The Firmament and The Stars

Anselm Fiefer's Sunflowers

 a bad photo of Anselfm Fiefer’s Sunflower

Isn’t it amazing how life unfolds? What is it that makes the world go round? How does each step lead to another? For instance, what made me buy a van in 2001, go on a family camping holiday, have a late night session with friends, at 7am the next morning hand the Sunday Tribune property pages to my 10 year old to read so as to gain  an extra hour, and consequently end up visiting an amazing ten bedroom house for sale, put in a mad offer on the afore mentioned house, have the offer accepted while in Kerry where I bumped into a friend who was an auctioneer who then practically sold my Dublin home by the time we returned from the camping holiday? Was it meant to be or did I determine it?

The links between coincidence, determination, and fate have always fascinated me. I like the phrase ‘self determination’. I think it combines two related aspects of the world: the mind of the individual and the force of evolution. It is interesting how they entwine.

This train of thought has been ranging around my mind recently as a result of my sojourn in London last week to celebrate my brother’s sixtieth birthday. It was a special occasion for him. Sixty years ago, it was a special day for my mother who gave birth to her first child. Two inextricably linked but very separate events strutting and fretting their hours across the stage. So I got to thinking about the impact of time, the role of circumstance and the minds of people and, coincidentally enough, I visited three very different exhibitions which also made me reflect on the nature of life and evolution. Each one, in different ways, made me conscious of the minute and the magnified and the connection between the smallest particle to the absolute whole, between the here and the there.
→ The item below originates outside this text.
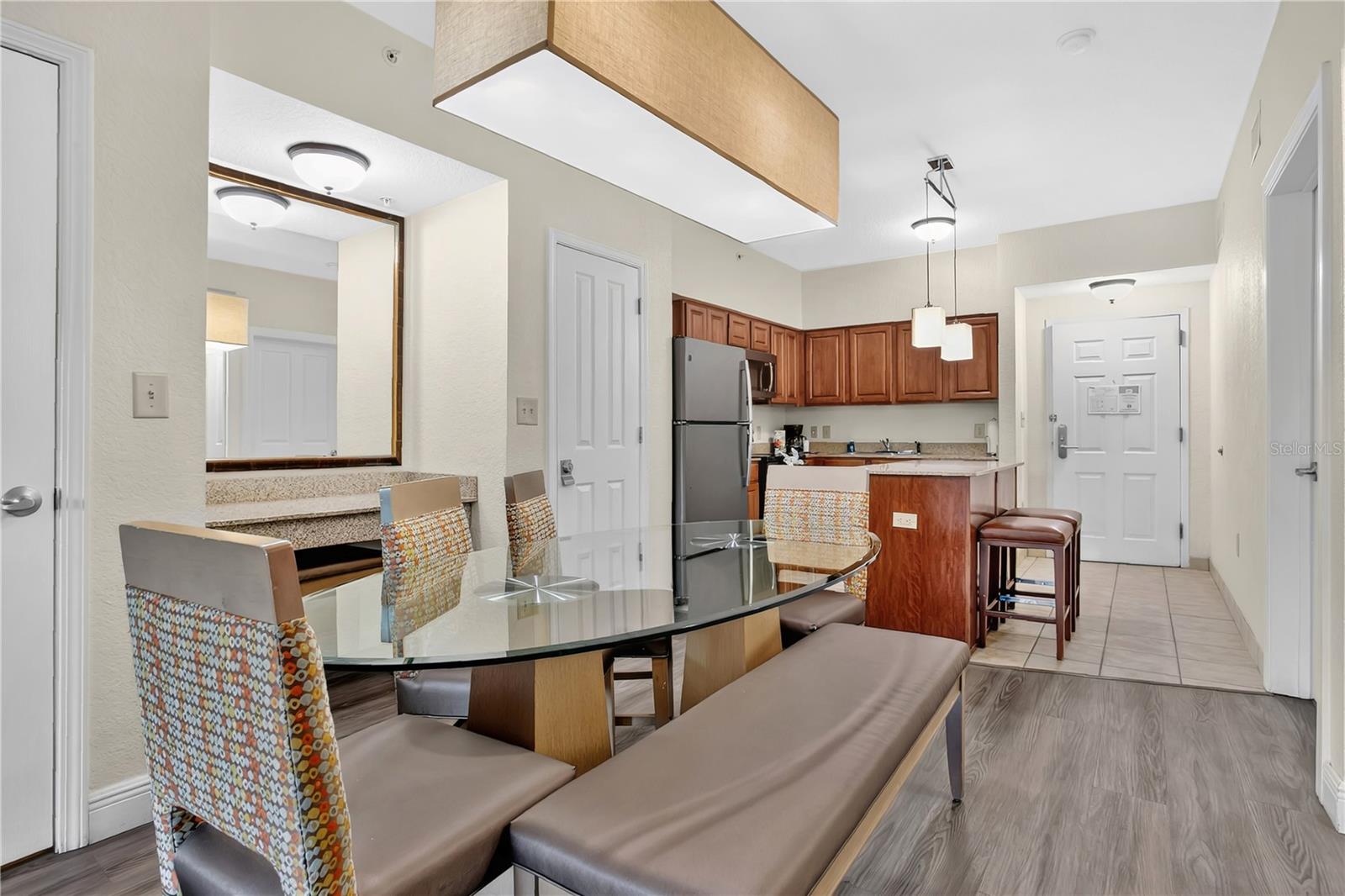 FLORIDAYS ORLANDO RESORT CONDO PH 1 - Residential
The three exhibitions I visited were Anselm Kiefer at the Royal Academy, William Turner at the Tate Britain and The First World War at the Imperial War Museum. For me, in very different ways, each one of them focused on the importance of detail in life and how extraordinary it is when you see the detail behind the creation. If it doesn’t sound too pompous, each exhibition captured the magic of art in that art happens when the essence of life, cause and effect, is captured on canvas, on the page or in the choreography of the installation.

The first exhibition I saw was the William Turner at The Tate. I have always loved William Turner’s sea and city scapes. I was introduced to him by my first love, so there is a sentimental attachment too which will generate its own spin on my mind, but I love how the washed out strokes of his water colour paintings create the broad watery surfaces of the ocean, the fading yet brilliant intensity of sunset and dawns. His yellows, burnt oranges, hues of blue and green draw me in to the paintings. Brilliant! After a minute or two of staring, out of the swirl of colour, out of the brush strokes of sea or land scape, the details of civilisation emerge out of the storm or trees. The fine intricate lines of distant churches, bridges, buildings slowly emerge through the light. Amazing! Suddenly you see, beneath the maelstrom, the detail of people.

Next I went to the WW1 exhibition at the Imperial War museum. This was detail in your face! Loud, graphic, brash, it leads you through the perils of nationalism, hatred, love, war using historical artefacts (uniforms, helmets, rifles, powdered egg) film, art, education. It is brilliantly curated so that you journey across all fronts (educational, emotional and actual war fronts). I left feeling assaulted, exhausted, and horrified at our capacity for destruction and exhilarated at our ability to survive.

Finally, after spinning through the crowds and queues of Piccadilly, I found myself staring at the enormous canvases of German artist, Anselm Kiefer. According to the ‘blurb’ Kiefer is absorbed by our purpose on earth and our relationship with the celestial and human history. His canvases are installations of sand, shale, concrete, paint, brick, sawdust, ash. He uses sunflowers frequently in his canvases. He said “when I look at ripe, heavy sunflowers bending to the ground with blackened seeds…I see the firmament and the stars.” I loved the contrast and contradictions of humanity, destruction, re-birth and re-construction in his work.

So who are we in this universe and what role does each of us play? Are we each a black sunflower seed? We need to determine for ourselves but we cannot without each other or the various constructions we or the universe composes. To celebrate his birthday, my mother had to give birth to my brother.

Even now, here, as I write with pen and paper in the year 2014, alone in this dark early morning, in the lamplight, in the middle of nowhere, my meandering thoughts are yielded to the page and transferred to you, the reader, forcing you to stir (be it with boredom, heavy sigh or amusement), yet that is not my intention. I just want to decipher myself, but in so doing, I need you to help me by being there. So, thanks for that!